▸ Information supplied

··········

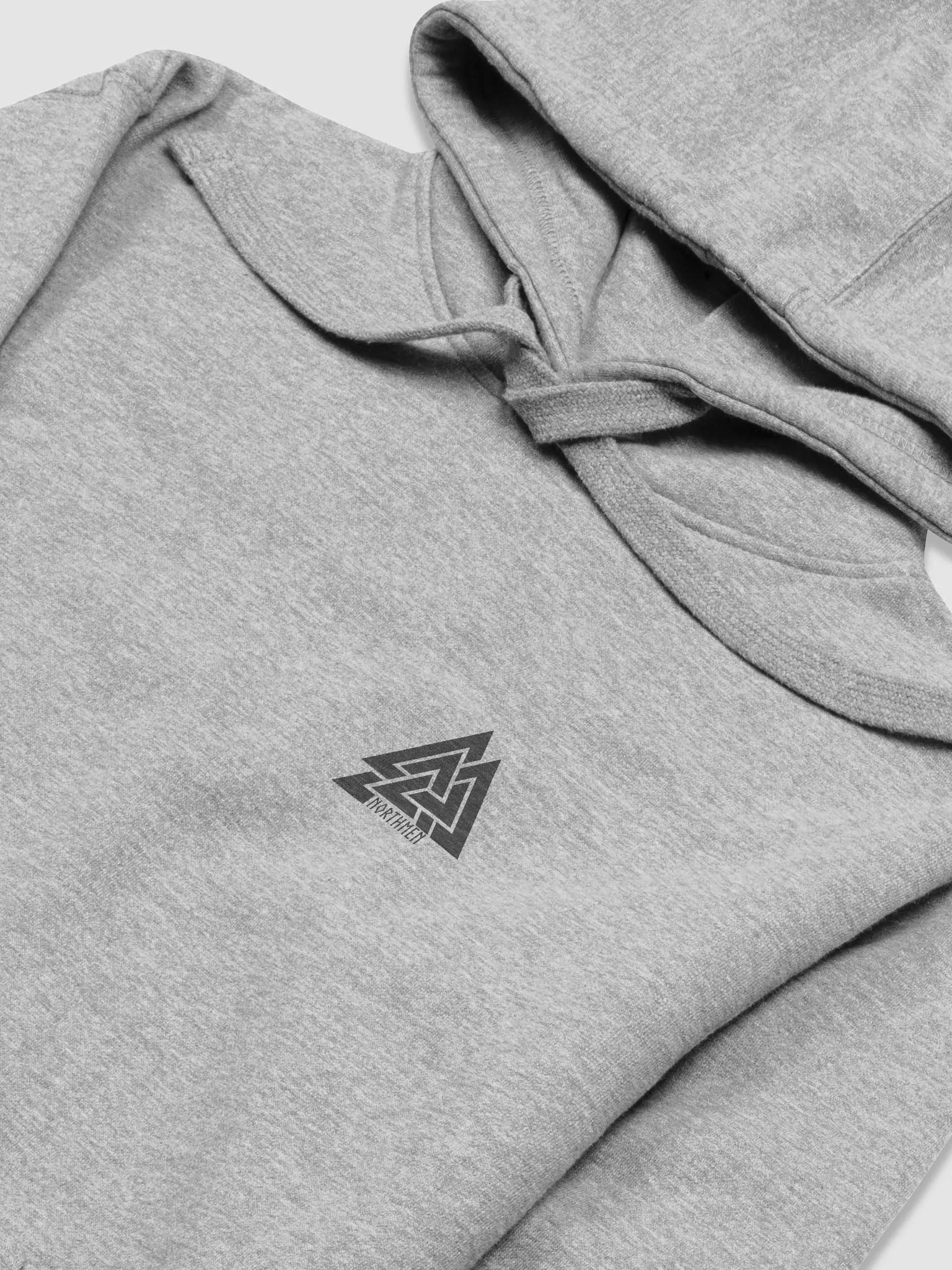 The Northmen Valknut - Grey Stylish - Hoodie product image (40)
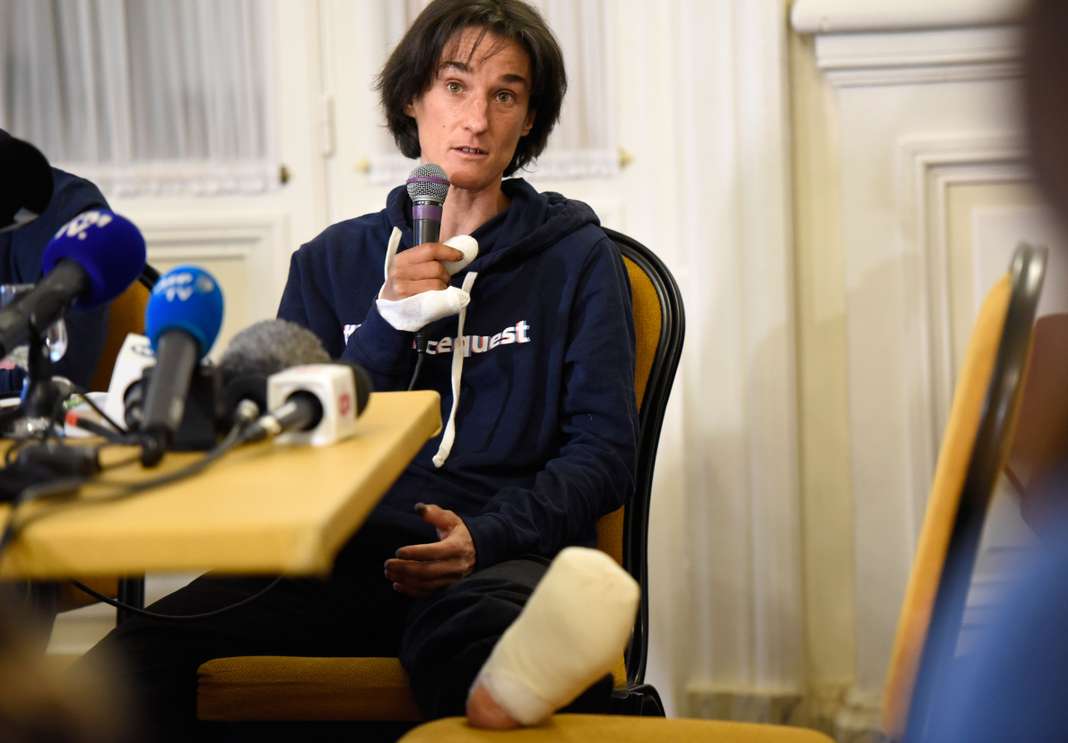 L’alpiniste Elisabeth Revol en « colère » contre la lenteur des secours sur le Nanga Parbat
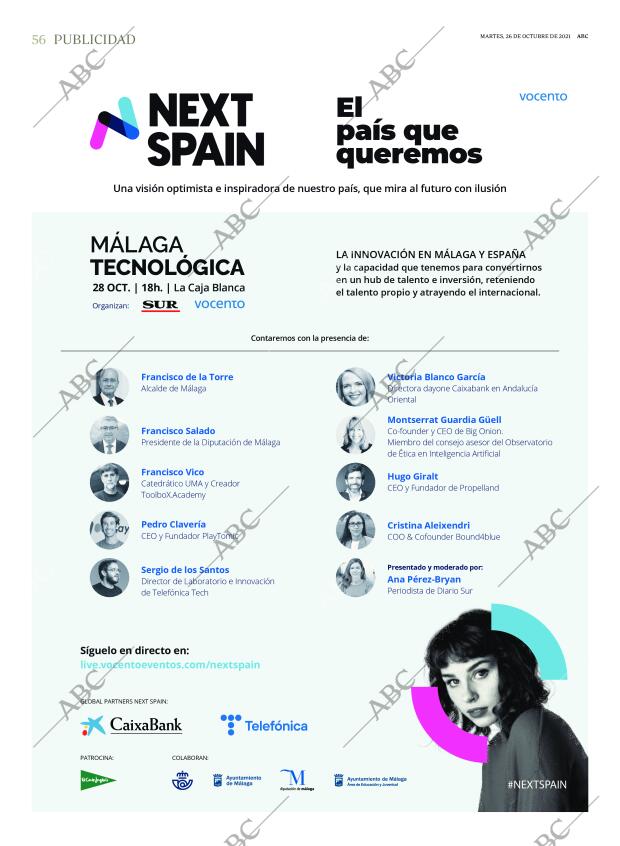 ABC MADRID 26-10-2021 página 56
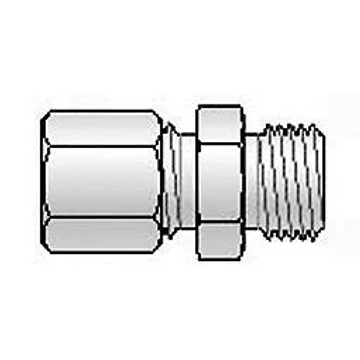 Szorítócsavar hőérzékelők beépítéséhez M8X1 D=1,1 PTFE B+B Thermo-Technik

··········

Could the data above be returned in full, exactly, with every image left out?

▸ Answer section
 The Northmen Valknut - Grey Stylish - Hoodie product image (40)
 L’alpiniste Elisabeth Revol en « colère » contre la lenteur des secours sur le Nanga Parbat
 ABC MADRID 26-10-2021 página 56
 Szorítócsavar hőérzékelők beépítéséhez M8X1 D=1,1 PTFE B+B Thermo-Technik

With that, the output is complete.